Are there decidable problems that are reducible to undecidable problems?

Question

I've seen a question asking if $A \le_m B$, then if $A$ is decidable, $B$ is also decidable. My initial intuition is that this is not the case, and that there are decidable problems that are reducible to undecidable problems. While I am not sure if this is completely correct, or even how to prove this if it is correct, I am thinking a decidable problem could be reduced to a recognizable, undecidable problem because a polynomial time verifier would work on a decidable problem. Is this a correct idea?

Answer 1

Any decidable problem can be reduced to the halting problem. Take a machine $M$ that decides some language $L$. Now produce a new Turing machine $M'$ that behaves identically to $M$ except that, if $M$ rejects, $M'$ loops forever. Now, $M'$ halts on input $x$ if, and only if, $x\in L$.

More generally, every decidable problem can be reduced to every undecidable problem. Let $Z$ be some undecidable language. We know that $Z\neq\emptyset$ and $Z\neq\Sigma^*$, since both of those languages are trivially decidable. Therefore, there are strings $z^+\in Z$ and $z^-\notin Z$. Now take any decidable language $L$. Since $L$ is decidable, the function $$ f(x) = \begin{cases}z^+&\text{if }x\in L\\z^-&\text{if }x\notin L\end{cases}$$ is computable, and it is a reduction from $L$ to $Z$.

I am thinking a decidable problem could be reduced to a recognizable, undecidable problem because a polynomial time verifier would work on a decidable problem. Is this a correct idea?

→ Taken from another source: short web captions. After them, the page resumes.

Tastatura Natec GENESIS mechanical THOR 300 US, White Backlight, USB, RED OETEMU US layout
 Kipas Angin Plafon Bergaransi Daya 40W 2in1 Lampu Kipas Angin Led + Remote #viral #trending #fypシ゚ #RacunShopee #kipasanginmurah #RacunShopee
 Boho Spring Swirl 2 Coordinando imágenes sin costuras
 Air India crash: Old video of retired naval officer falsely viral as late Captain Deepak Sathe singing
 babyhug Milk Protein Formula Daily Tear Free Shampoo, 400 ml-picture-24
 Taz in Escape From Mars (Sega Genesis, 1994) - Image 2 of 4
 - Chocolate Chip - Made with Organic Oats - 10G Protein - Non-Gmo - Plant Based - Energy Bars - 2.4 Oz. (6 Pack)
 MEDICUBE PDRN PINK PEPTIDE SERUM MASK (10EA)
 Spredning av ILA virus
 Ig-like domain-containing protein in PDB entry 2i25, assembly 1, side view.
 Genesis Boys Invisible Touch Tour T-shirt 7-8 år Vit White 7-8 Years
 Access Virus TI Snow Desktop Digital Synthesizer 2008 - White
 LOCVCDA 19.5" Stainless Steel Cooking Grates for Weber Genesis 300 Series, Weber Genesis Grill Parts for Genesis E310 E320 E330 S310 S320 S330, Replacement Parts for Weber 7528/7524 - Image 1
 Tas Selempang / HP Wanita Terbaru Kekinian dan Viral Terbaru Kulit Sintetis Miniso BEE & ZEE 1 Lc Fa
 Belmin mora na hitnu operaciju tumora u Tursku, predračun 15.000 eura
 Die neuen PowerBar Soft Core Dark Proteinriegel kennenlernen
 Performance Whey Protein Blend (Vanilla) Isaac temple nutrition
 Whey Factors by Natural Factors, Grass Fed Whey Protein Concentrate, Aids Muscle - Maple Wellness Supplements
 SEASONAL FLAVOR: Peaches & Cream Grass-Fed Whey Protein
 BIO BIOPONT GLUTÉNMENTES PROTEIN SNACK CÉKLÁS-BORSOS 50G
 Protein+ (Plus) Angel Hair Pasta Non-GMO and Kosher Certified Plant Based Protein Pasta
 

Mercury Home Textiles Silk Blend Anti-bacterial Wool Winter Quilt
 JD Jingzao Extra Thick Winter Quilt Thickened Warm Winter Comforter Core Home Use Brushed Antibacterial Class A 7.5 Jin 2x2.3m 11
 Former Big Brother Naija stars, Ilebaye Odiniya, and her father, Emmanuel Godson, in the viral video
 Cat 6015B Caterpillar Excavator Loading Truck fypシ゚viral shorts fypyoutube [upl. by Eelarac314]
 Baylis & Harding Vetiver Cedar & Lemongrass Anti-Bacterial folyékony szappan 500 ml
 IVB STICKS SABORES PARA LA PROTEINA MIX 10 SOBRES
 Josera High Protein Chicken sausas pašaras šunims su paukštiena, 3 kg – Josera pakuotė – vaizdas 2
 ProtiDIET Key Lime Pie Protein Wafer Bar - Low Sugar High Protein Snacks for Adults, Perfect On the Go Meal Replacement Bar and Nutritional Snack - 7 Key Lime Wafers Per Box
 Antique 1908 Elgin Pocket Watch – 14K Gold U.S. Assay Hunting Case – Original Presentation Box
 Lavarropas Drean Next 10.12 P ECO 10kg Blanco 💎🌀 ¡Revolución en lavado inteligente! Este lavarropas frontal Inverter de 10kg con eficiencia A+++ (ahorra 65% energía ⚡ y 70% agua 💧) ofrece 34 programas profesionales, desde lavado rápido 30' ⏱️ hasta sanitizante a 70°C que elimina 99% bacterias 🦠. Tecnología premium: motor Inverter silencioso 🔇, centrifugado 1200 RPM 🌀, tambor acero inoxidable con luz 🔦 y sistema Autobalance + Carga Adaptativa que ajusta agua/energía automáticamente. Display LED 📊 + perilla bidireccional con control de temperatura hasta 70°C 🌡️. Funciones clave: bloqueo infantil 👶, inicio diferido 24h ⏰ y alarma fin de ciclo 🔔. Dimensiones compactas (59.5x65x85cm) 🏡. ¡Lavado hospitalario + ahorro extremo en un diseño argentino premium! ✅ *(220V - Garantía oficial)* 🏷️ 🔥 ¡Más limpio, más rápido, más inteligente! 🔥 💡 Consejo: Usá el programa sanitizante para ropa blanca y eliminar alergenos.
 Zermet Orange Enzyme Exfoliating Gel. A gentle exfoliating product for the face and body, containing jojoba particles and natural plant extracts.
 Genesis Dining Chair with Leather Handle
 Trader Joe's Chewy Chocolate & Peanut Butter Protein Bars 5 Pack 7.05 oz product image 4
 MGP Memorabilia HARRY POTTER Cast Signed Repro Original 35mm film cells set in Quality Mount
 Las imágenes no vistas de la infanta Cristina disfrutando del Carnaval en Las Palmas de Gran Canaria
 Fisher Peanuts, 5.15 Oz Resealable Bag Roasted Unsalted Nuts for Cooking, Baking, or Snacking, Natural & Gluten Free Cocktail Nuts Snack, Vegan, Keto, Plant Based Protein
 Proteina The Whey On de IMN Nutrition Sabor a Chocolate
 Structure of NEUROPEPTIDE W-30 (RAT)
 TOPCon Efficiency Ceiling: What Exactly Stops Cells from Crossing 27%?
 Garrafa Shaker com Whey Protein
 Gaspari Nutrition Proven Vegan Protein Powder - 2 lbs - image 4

I think you're confusing the set of recognizable languages with NP. A recognizable language has a computable verifier but the verifier doesn't necessarily run in polynomial time (and the time hierarchy theorem says that there are languages whose verifiers can't run in polynomial time). It's true that every decidable problem has a computable verifier (because being able to decide the problem essentially means that you can verify a given answer by just computing the correct answer and comparing) but that doesn't give you a reduction. Rather, it proves that every decidable language is itself recognizable.